Taking the line with "Riverfront Cabin Near" as the first and the line with "プラザ ホテル ベイルート 部屋 写真" as the last, set down exactly every line in that range from the entries below, and no more.

[Opening Study material section]

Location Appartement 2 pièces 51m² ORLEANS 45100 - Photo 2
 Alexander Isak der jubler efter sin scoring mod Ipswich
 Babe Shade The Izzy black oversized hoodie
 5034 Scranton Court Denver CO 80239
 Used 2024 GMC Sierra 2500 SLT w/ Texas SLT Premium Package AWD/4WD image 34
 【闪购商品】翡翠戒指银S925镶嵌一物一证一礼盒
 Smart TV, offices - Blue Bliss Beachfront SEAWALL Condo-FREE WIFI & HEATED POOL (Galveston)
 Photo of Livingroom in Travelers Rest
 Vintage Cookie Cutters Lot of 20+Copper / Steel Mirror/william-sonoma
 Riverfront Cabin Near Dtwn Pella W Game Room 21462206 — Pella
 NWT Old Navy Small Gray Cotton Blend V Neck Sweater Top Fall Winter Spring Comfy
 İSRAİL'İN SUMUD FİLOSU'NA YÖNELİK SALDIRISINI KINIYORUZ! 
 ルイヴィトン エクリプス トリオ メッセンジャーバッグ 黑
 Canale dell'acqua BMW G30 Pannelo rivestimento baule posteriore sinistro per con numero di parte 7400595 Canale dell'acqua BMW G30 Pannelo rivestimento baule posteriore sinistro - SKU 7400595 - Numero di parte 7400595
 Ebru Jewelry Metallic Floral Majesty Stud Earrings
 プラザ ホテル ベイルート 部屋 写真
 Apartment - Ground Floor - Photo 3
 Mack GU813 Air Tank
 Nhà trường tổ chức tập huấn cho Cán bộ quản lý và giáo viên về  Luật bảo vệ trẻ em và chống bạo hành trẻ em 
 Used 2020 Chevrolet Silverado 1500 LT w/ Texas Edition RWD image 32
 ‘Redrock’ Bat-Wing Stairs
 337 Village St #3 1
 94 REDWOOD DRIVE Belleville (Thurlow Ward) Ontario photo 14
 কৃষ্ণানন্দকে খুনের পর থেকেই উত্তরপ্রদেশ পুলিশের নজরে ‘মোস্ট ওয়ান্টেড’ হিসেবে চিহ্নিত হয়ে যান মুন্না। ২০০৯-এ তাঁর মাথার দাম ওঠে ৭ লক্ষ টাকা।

[Closing Study material section]

#### Exercise solution
 Riverfront Cabin Near Dtwn Pella W Game Room 21462206 — Pella
 NWT Old Navy Small Gray Cotton Blend V Neck Sweater Top Fall Winter Spring Comfy
 İSRAİL'İN SUMUD FİLOSU'NA YÖNELİK SALDIRISINI KINIYORUZ! 
 ルイヴィトン エクリプス トリオ メッセンジャーバッグ 黑
 Canale dell'acqua BMW G30 Pannelo rivestimento baule posteriore sinistro per con numero di parte 7400595 Canale dell'acqua BMW G30 Pannelo rivestimento baule posteriore sinistro - SKU 7400595 - Numero di parte 7400595
 Ebru Jewelry Metallic Floral Majesty Stud Earrings
 プラザ ホテル ベイルート 部屋 写真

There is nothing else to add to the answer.